[[ Provided records open ]]
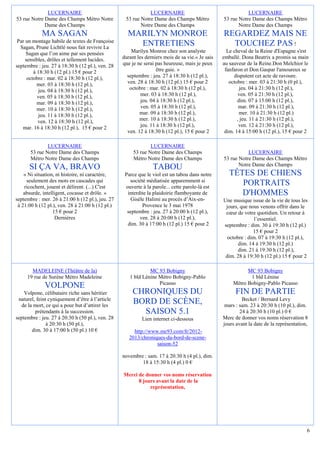 LUCERNAIRE                                      LUCERNAIRE                                    LUCERNAIRE
53 rue Notre Dame des Champs Métro Notre           53 rue Notre Dame des Champs Métro            53 rue Notre Dame des Champs Métro
             Dame des Champs                              Notre Dame des Champs                         Notre Dame des Champs
            MA SAGAN                                MARILYN MONROE                               REGARDEZ MAIS NE
 Par un montage habile de textes de Françoise
  Sagan, Prune Lichtlé nous fait revivre La
                                                      ENTRETIENS                                   TOUCHEZ PAS !
     Sagan que l’on aime par ses pensées              Marilyn Monroe chez son analyste             Le cheval de la Reine d'Espagne s'est
     sensibles, drôles et tellement lucides.      durant les derniers mois de sa vie.« Je sais   emballé. Dona Beatrix a promis sa main
septembre : jeu. 27 à 18:30 h (12 pl.), ven. 28   que je ne serai pas heureuse, mais je peux     au sauveur de la Reine.Don Melchior le
         à 18:30 h (12 pl.) 15 € pour 2                            être gaie. »                   fanfaron et Don Gaspar l'amoureux se
      octobre : mar. 02 à 18:30 h (12 pl.),         septembre : jeu. 27 à 18:30 h (12 pl.),           disputent cet acte de ravoure.
           mer. 03 à 18:30 h (12 pl.),              ven. 28 à 18:30 h (12 pl.) 15 € pour 2          octobre : mer. 03 à 21:30 h (0 pl.),
           jeu. 04 à 18:30 h (12 pl.),               octobre : mar. 02 à 18:30 h (12 pl.),               jeu. 04 à 21:30 h (12 pl.),
           ven. 05 à 18:30 h (12 pl.),                     mer. 03 à 18:30 h (12 pl.),                   ven. 05 à 21:30 h (12 pl.),
           mar. 09 à 18:30 h (12 pl.),                     jeu. 04 à 18:30 h (12 pl.),                  dim. 07 à 15:00 h (12 pl.),
           mer. 10 à 18:30 h (12 pl.),                     ven. 05 à 18:30 h (12 pl.),                   mar. 09 à 21:30 h (12 pl.),
           jeu. 11 à 18:30 h (12 pl.),                    mar. 09 à 18:30 h (12 pl.),                    mer. 10 à 21:30 h (12 pl.)
           ven. 12 à 18:30 h (12 pl.),                    mer. 10 à 18:30 h (12 pl.),                   , jeu. 11 à 21:30 h (12 pl.),
   mar. 16 à 18:30 h (12 pl.), 15 € pour 2                 jeu. 11 à 18:30 h (12 pl.),                   ven. 12 à 21:30 h (12 pl.),
                                                    ven. 12 à 18:30 h (12 pl.), 15 € pour 2       dim. 14 à 15:00 h (12 pl.), 15 € pour 2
[[ Provided records closed ]]
Directions for this task:
The answer should consist only of the number of lines above in which "septembre" appears.

Task output:
2